エンターテインメントを強く意識した作品だった。前作の『ゴジラVSビオランテ』はちょっと暗い映画だったというのもあって、この映画では昭和の人気怪獣キングギドラは復活するわ、タイムマシーンは出てくるわ、ゴジラ誕生の秘密が明かされるわと、とにかくエンターテインメントを前面に押し出した。おかげで今でもこの作品はファンの間で人気が高いらしいね。
――実際、次作の『ゴジラVSモスラ』から観客動員数も増えましたし、『VSキングギドラ』は「平成のゴジラ」が一気に浸透していく契機になった作品でした。
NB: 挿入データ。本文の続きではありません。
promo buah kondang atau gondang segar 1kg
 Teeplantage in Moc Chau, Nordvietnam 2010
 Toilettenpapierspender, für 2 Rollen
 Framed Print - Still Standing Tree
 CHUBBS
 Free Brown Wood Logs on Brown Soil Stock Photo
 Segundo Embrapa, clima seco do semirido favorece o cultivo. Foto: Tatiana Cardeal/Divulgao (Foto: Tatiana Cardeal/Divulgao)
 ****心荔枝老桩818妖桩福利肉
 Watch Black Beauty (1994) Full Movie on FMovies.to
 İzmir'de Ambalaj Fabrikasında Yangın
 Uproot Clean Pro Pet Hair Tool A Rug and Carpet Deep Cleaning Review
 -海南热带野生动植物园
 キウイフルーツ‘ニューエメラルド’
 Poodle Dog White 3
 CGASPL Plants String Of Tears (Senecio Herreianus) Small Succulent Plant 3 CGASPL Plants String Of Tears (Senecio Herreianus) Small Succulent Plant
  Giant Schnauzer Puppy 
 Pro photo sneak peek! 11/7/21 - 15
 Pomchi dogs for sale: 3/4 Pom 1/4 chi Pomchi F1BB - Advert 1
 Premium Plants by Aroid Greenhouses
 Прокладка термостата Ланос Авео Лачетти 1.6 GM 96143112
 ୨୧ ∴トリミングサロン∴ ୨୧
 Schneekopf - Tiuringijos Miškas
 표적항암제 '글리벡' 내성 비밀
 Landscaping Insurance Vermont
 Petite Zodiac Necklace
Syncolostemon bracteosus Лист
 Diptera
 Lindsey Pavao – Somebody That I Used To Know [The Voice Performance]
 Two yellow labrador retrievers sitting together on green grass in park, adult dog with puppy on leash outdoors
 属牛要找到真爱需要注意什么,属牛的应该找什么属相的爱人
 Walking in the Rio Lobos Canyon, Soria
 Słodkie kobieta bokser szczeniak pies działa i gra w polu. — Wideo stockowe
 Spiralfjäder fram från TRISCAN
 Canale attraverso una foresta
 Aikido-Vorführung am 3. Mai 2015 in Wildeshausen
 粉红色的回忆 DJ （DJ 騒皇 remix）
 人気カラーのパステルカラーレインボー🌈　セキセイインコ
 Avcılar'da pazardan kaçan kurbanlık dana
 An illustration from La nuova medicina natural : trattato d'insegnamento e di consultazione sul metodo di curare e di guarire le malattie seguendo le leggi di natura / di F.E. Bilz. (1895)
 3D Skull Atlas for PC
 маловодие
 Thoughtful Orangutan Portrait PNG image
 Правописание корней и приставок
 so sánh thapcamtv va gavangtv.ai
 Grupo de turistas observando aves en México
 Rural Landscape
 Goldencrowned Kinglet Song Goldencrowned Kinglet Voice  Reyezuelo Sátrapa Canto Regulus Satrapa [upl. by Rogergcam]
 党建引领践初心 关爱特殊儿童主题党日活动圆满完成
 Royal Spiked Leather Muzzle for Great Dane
ただ、監督ご自身はどちらかというと怪獣よりもメカや兵器を撮る方が好きで、実はゴジラに対して当初はそこまで思い入れがなかったと聞きました。
昔から機械とかメカをいじるのが好きだったんだ。僕が子どもの頃に見てこの世界に入るきっかけになった『地球防衛軍』(1957年)でも、まず惹かれたのがマーカライトファープやα号といった超兵器だった。特技監督デビューも太平洋戦争のゼロ戦を描いた『大空のサムライ』(1976年)だったし、「川北に怪獣映画は合わないんじゃないか」なんて先輩に言われてた(笑)。
ただ、一番現場を経験したのは結局、ゴジラ映画だったんだよね。僕は『妖星ゴラス』(1962年)の時に初めて現場に入ったんだけど、そのあとすぐにキンゴジ(『キングコング対ゴジラ』)、モスゴジ(『モスラ対ゴジラ』)、三大怪獣(『三大怪獣 地球最大の決戦』)と、ゴジラ映画の黄金期を経験した。だからゴジラ映画が最も慣れ親しんだ作品、という部分はあったね。